基調講演の中では、まず文部科学省の川上研究開発局核不拡散科学技術推進室長より、我が国の原子力政策や原子力研究開発の現状と見通し、福島第一原子力発電所(以下、「1F」)の廃炉、高速炉、高温ガス炉に係る研究開発の動向、人材育成等について触れた上で、企業、大学、政府間で協力して原子力研究開発を積極的に進めていくことの重要性が紹介されました。続いて米国からは、アイダホ国立研究所ピーターズ所長より、議会からの強力な後押しも受けている近年の米国の次世代原子力研究開発の急速な進展の状況が包括的に紹介されるとともに、次世代を担う人材育成の確保・育成の重要性にも触れ、様々な分野での日米の協力の重要性について述べられました。

その後は、「先進炉の研究開発」と「原子力安全の向上のための将来の技術」の2つのテーマでパネル討論が行われました。

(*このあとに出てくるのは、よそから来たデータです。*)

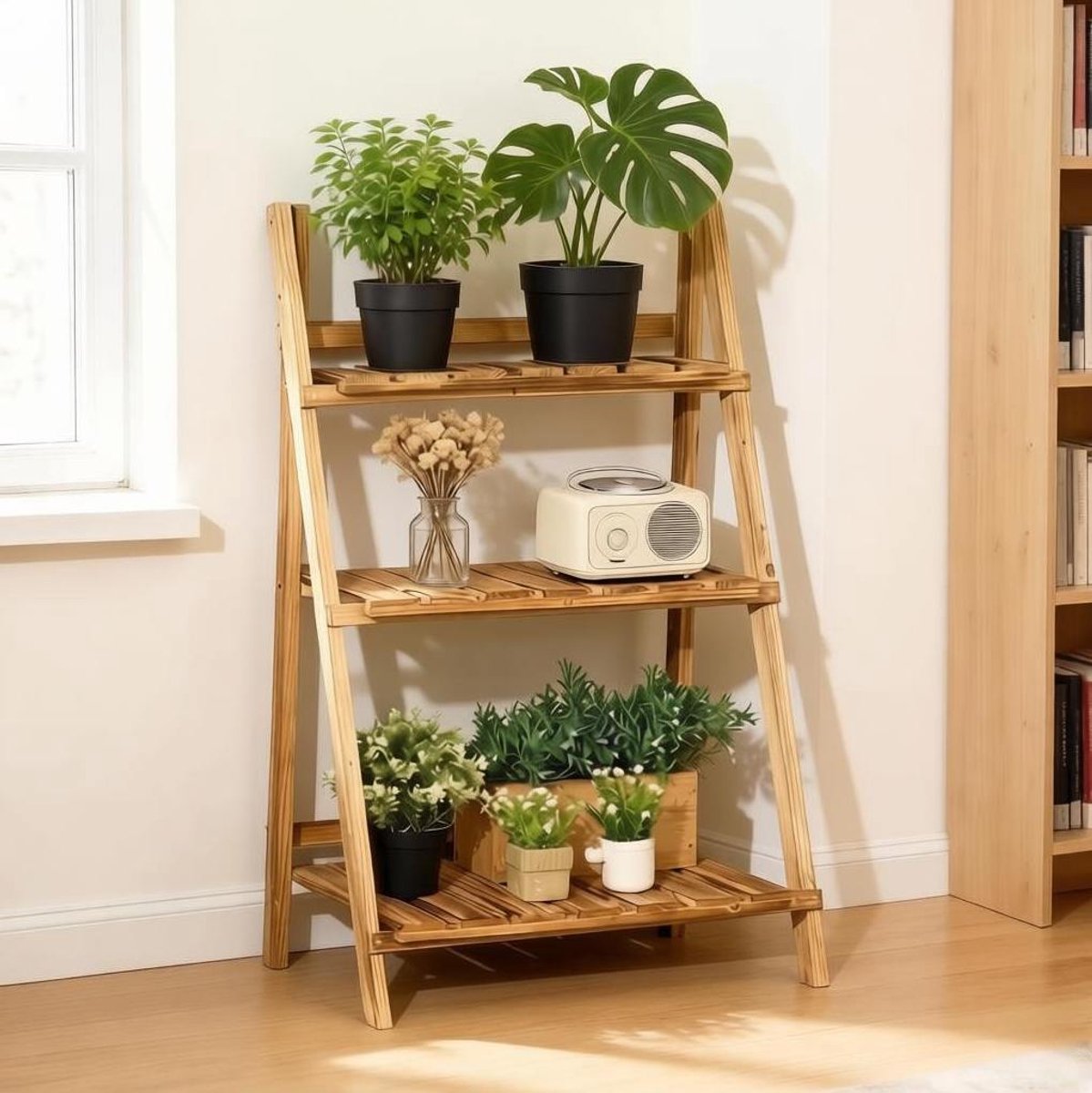Ladderkast Opvouwbaar - 3 Planken - 60 x 37 x 93 cm - Hout - Bruin - Voor Planten En Decoratie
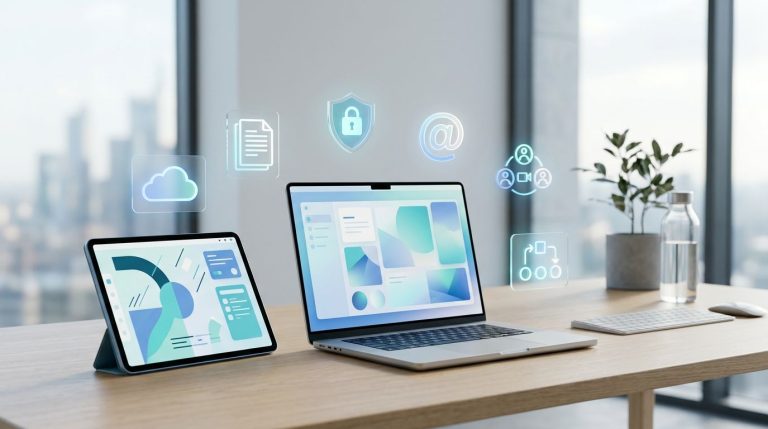 Bærbar computer og tablet på et lyst skrivebord med symboler for digitale kontortjenester.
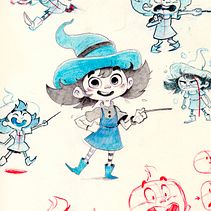 Meu projeto final: Uma bruxa na floresta mágica. Design de personagens, Esboçado, Desenho a lápis, Desenho, e Sketchbook projeto de Guille Rancel - 08.10.2022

最初のパネル討論では、当機構の高速炉・新型炉研究開発部門上出副部門長から、第5次エネルギー基本計画と高速炉開発ロードマップの概要が紹介されるとともに、常陽の再稼働に向けての現状や照射試験の経験等の当機構の高速炉開発の状況及び高温ガス炉の開発状況が紹介され、また、高速中性子実験に関する日米協力の重要性が述べられました。

米国からはアルゴンヌ国立研究所のヒル先進原子力研究開発技術部長より、DOE原子力局のミッションや高速炉の研究開発の概要が紹介され、高速炉の研究開発については、先進材料、評価モデルとその検証、装置のコンパクト化等の活動内容に触れられました。この他、溶融塩炉(MSR)キャンペーン、日米民生用原子力研究開発ワーキンググループ(CNWG)の活動、及び2026年運開予定の多目的試験炉(VTR)等に触れ、VTRについては6月中旬に署名した日米間の協力覚書(MOC)の他に、フランスや韓国との協力に向けての現状が紹介されました。

さらに米国の規制側の観点としてNRCのファーステノー原子力規制研究局長より「新型炉と将来技術に対する規制対応」と題して、解析評価における先進モデリングやシミュレーション技術が紹介されました。

その後の質疑応答においては、常陽への高い関心が示され、再稼働に向けた日本の規制機関への申請状況や審査時の留意点について意見交換が行われました。

また、VTRに関する日米共同研究について、日本側の役割分担等について今後議論していくこと、米国での次世代炉開発においては、中国、ロシアが様々な炉型の先進炉の研究開発を進めていることに鑑み、米国としても研究開発の枠を広げることや許認可にあたり規制機関と推進機関が協力することの重要性等が議論されました。

2つ目のパネル討論では、米国からレンぺRempe and Associates 主宰(原子力諮問委員会(NEAC)共同議長)が、スリーマイルアイランド原子力発電所2 号炉の事故と福島事故より得られた教訓と1Fに関する試験への米国支援について紹介しました。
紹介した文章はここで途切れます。